Fanagalo is one of a number of African pidgin languages that developed during the colonial period to promote ease of communication. Linguist Ralph Adendorff suggests that it developed in the nineteenth century in Natal as a way for English colonists to communicate with their servants and was also used as a lingua franca between English and Afrikaans-speaking colonists.

Fanagalo was used extensively in gold and diamond mines because the South African mining industry employed on fixed contracts workers from across southern and central Africa: including Congo, Zimbabwe, Zambia, Botswana, Malawi and Mozambique. With workers originating from a range of countries and having a vast range of different mother tongues, Fanagalo provided a simple way to communicate and is still used as a training and operating medium.

Adendorff describes two variants of the language, Mine Fanagalo and Garden Fanagalo. The latter name refers to its use with servants in households. It used to be known as Kitchen Kaffir; "Kaffir" being the South African term for black person (now highly offensive) and a 19th century term for the Nguni languages.

In the mid-20th century there were white efforts in South Africa to promote and standardise Fanagalo as a universal second language, under the name of "Basic Bantu".

Mining aside, Adendorff suggests that Fanagalo has unfavourable and negative connotations for many South Africans. However, he raises the point that Fanagalo is sometimes used between white South Africans, particularly expatriates, as a signal of South African origin and a way of conveying solidarity in an informal manner.

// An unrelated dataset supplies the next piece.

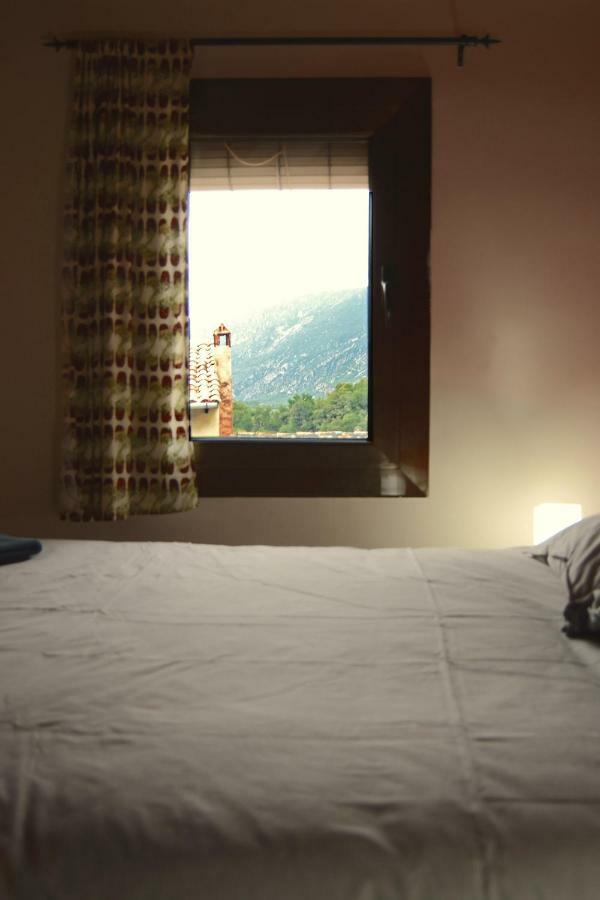 Hostel El Moli Organya Ngoại thất bức ảnh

Mine Fanagalo is based mostly on Zulu vocabulary (about 70%), with some words from English (about 25%), Afrikaans and Portuguese. It does not have the range of Zulu inflections, and it tends to follow English word order.

Adendorff describes Mine Fanagalo and Garden Fanagalo as being basically the same pidgin. He suggests that Garden Fanagalo should be seen as lying towards the English end of a continuum, and Mine Fanagalo closer to the Zulu end.

Other, similar colonial era pidgins include Chilapalapa (very similar to Fanakalo, with a largely Zulu/Ndebele vocabulary; used in colonial Rhodesia - now Zimbabwe) and ki-Settler (based on Swahili and used by European colonists in Kenya).